● Task
The answer must consist solely of the lines from the one containing "Chevreuse Chateau de" through the last line of the records below, repeated exactly, with all pictures omitted.

[Captioned web image data]
########################################
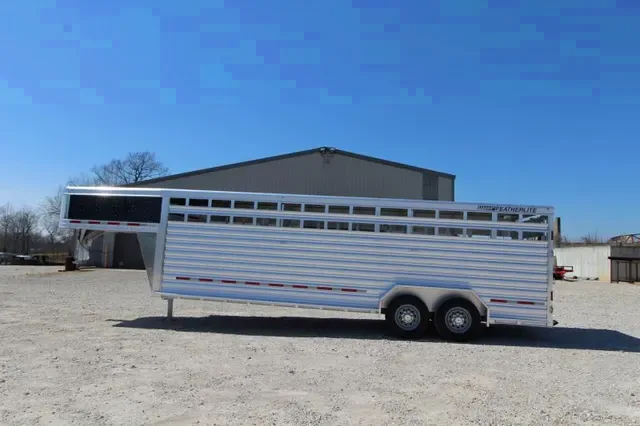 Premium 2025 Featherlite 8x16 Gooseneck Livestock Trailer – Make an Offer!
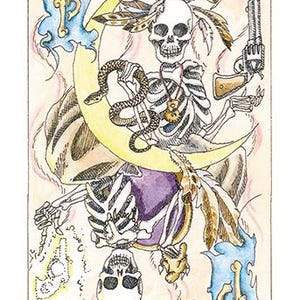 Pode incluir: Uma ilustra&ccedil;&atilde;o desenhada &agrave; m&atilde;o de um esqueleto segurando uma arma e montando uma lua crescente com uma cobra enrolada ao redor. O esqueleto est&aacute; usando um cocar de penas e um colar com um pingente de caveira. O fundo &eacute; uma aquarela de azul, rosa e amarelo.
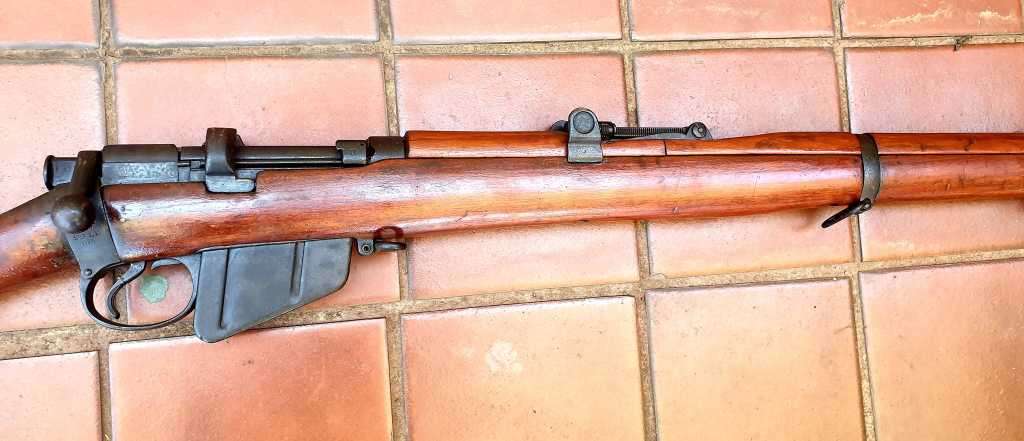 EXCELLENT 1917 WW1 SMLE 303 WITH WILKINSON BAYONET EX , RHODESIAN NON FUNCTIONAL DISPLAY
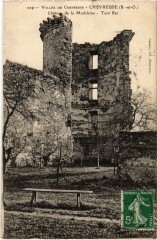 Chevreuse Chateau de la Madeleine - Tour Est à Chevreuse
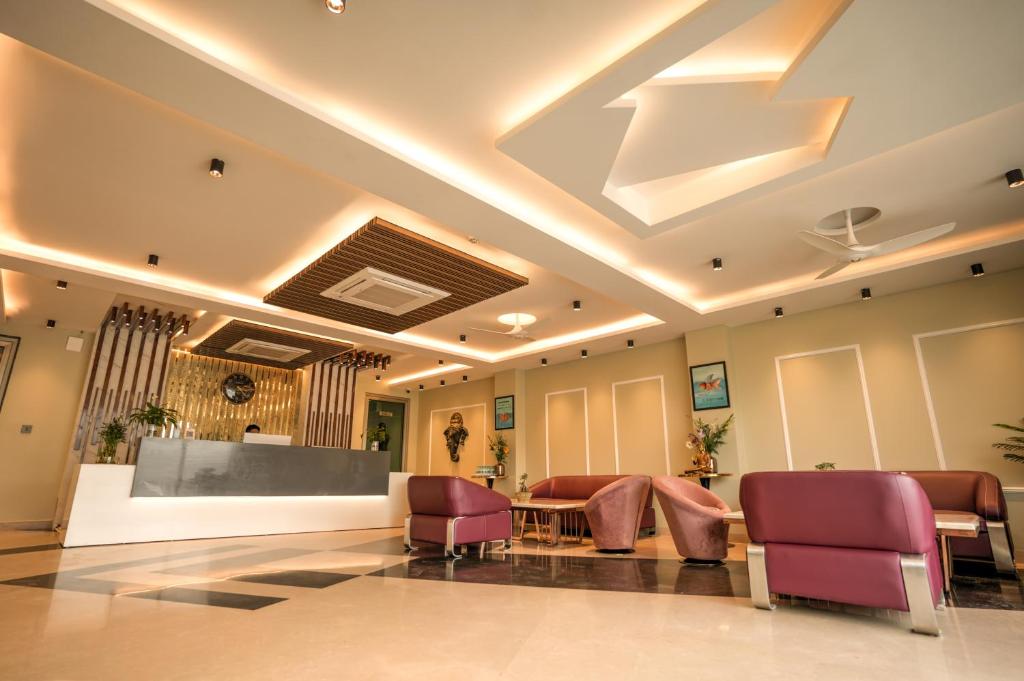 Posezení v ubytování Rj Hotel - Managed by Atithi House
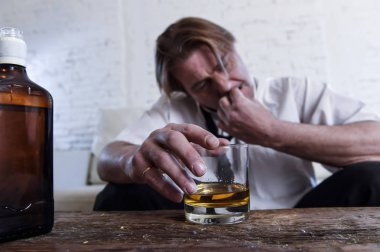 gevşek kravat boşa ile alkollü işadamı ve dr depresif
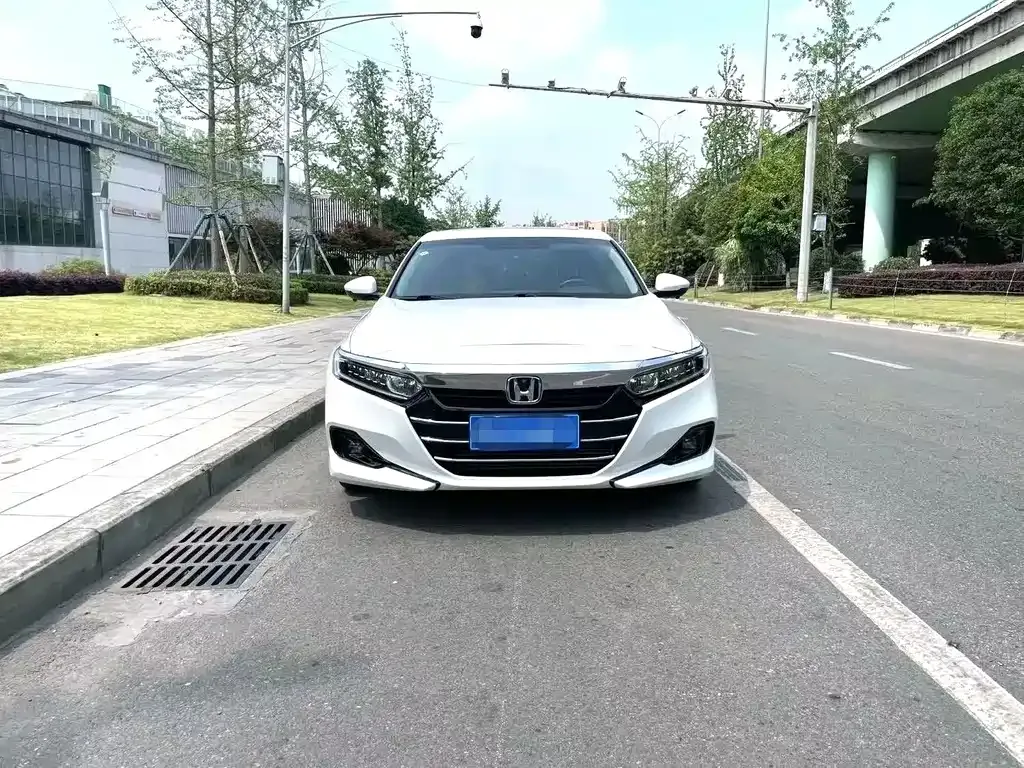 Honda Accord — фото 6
########################################
● The completed task
 Chevreuse Chateau de la Madeleine - Tour Est à Chevreuse
 Posezení v ubytování Rj Hotel - Managed by Atithi House
 gevşek kravat boşa ile alkollü işadamı ve dr depresif
 Honda Accord — фото 6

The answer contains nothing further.